Dès la fin de la guerre, les forces alliées ont décidé de faire de l’empereur « le symbole de l’état et de l’unité du peuple » L’image de l’empereur a été consciemment remaniée pour faire de lui un pacifiste, victime d’un petit groupe d’aventuriers militaristes, et les tabous impériaux ont empêché toute discussion du rôle de l’empereur dans la militarisation du Japon 13 . L’armée de l’Empereur s’avance se concentre sur un vétéran qui se bat seul pour récuser cette cabale politique d’après-guerre. Okuzaki Kenzõ intriguait le cinéaste Hara, parce que, tandis que les intellectuels japonais débattaient de la pertinence du système impérial et de la responsabilité morale individuelle et collective en matière de crimes de guerre, le vétéran est passé à l’action directe.
Okuzaki s’est résolument attaché à une série d’événements spécifiques ayant eu lieu en Nouvelle Guinée à la fin de la seconde guerre mondiale. Il implique et dénonce obstinément Hirohito chaque fois que possible, faisant de l’empereur « le plus grand lâche du Japon » et « un symbole de l’ignorance et de l’irresponsabilité ». Comme dans Ikimono no kiroku, (Vivre dans la peur, 1955) de Kurosawa Akira, le personnage principal est hanté par la guerre, et cette folle obsession vient troubler le calme apparent du présent. Cette fanatique quête de la vérité fait d’Okuzaki une sorte d’anti-héros de comédie.
C’est un personnage sans profondeur psychologique; imbu de l’importance de son but, il est entièrement animé par ce qu’il considère comme son devoir. Hara, par exemple, ne va pas chercher les causes de la conduite extravagante d’Okuzaki dans ses antécédents familiaux ; nous ne savons pratiquement rien de lui à la fin du film.
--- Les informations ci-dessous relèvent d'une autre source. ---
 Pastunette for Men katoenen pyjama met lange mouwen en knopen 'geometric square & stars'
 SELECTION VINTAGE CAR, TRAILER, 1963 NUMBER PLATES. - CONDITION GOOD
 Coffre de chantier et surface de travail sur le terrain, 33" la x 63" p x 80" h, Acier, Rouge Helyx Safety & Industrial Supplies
Okuzaki sillonne le continent japonais à la recherche de ses anciens camarades et de leurs histoires de guerre. Hara rappelle au spectateur que le drame a lieu à l’échelle nationale en donnant le détail, dans des intertitres, des différents endroits où Okuzaki se rend : Fukaya, Tokyo, Hiroshima, Hyogo, Okayama, Yamanashi, Kobe et Shimane. Okuzaki s’accroche à son idée de responsabilité individuelle en ce qui concerne l’empereur et les soldats qui ont commis des crimes en Nouvelle-Guinée. Lorsque Seo Yukio affirme que « dans l’armée les ordres passent toujours avant tout » Okuzaki le jette à terre à coups de poing. Takami Minoru reprend le raisonnement de Seo Yukio : « Un ordre est un ordre, il fallait que nous obéissions ». Okuzaki rejette cet appel à la hiérarchie militaire, tout en reconnaissant que les officiers supérieurs portent la responsabilité ultime des actes commis en leur nom : « J’accuse l’empereur pour la même raison. Il était responsable en tant que Commandant Suprême de l’Armée Impériale. Mais il n’a pas pris ses responsabilités ».
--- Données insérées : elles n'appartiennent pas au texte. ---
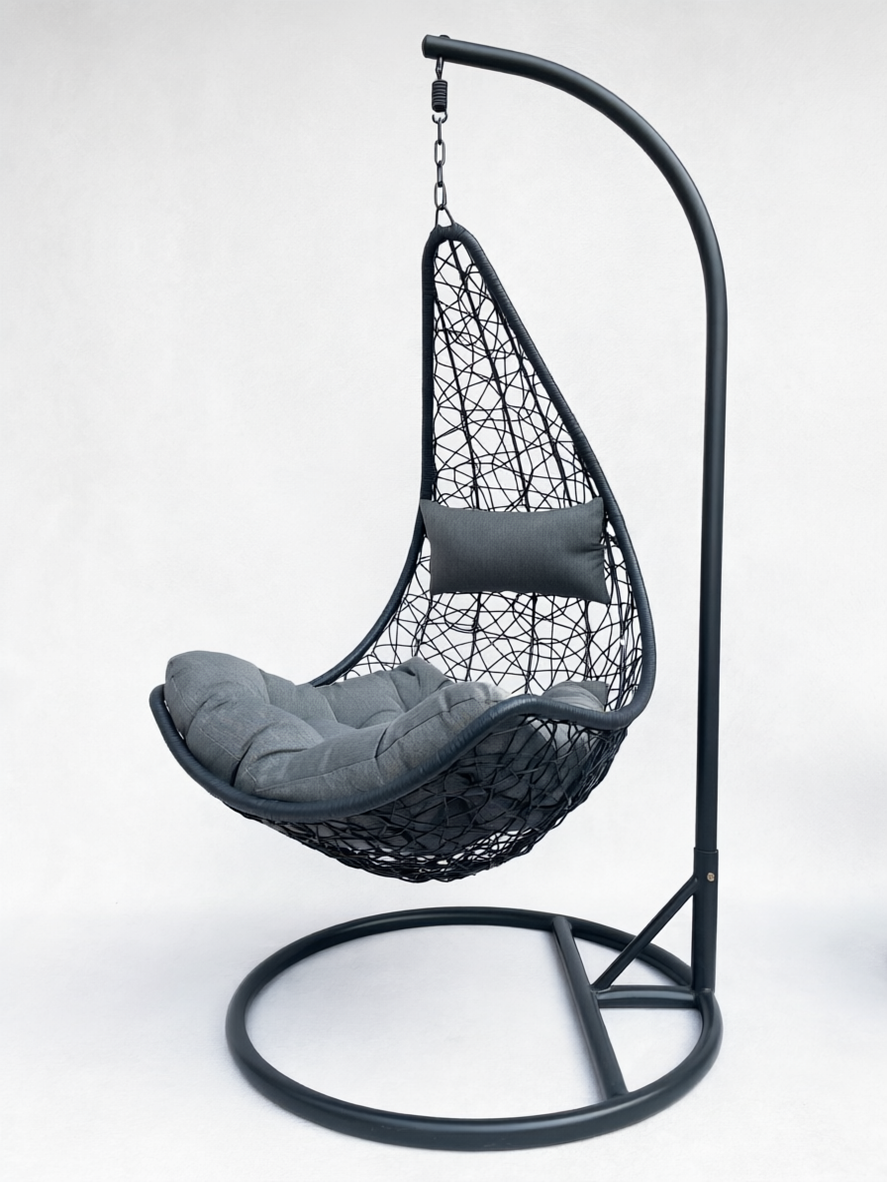 Pakabinamas krėslas DROP, pilkos sp., 95 x 197 cm-0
Partisan de l’empirisme radical, Okuzaki fait une fixation sur les circonstances entourant certains meurtres spécifiques commis en Nouvelle-Guinée, espérant rendre public l’essentiel de chaque affaire. Il cherche en particulier à exhumer deux cas dans lesquels des soldats japonais ont été abattus pour désertion vingt-trois jours après la fin de la guerre. L’ancien sergent Hara Toshio hésite quand Okuzaki lui pose des questions sur les événements, vieux de quarante ans, affirmant : « Mes souvenirs se sont effacés après toutes ces années ». Durant l’enquête d’Okuzaki, les vétérans révèlent et prouvent, de façon convaincante, que trois soldats japonais ont bien été exécutés, sous de fausses inculpations, pour être cannibalisés par leurs supérieurs. Okuzaki reconstitue ces exécutions illégales en prêtant une attention obstinée à des détails très précis tels le nombre de balles tirées, l’endroit où les principaux acteurs du drame étaient placés et la direction dans laquelle les corps sont tombés. Comme la femme d’Hiroshima, mon amour (1959), le film d’Alain Resnais, Okuzaki refuse de vivre dans le présent, d’oublier, de continuer à vivre comme l’ont fait tant d’autres vétérans. Il reste résolument, et même courageusement, prisonnier du passé.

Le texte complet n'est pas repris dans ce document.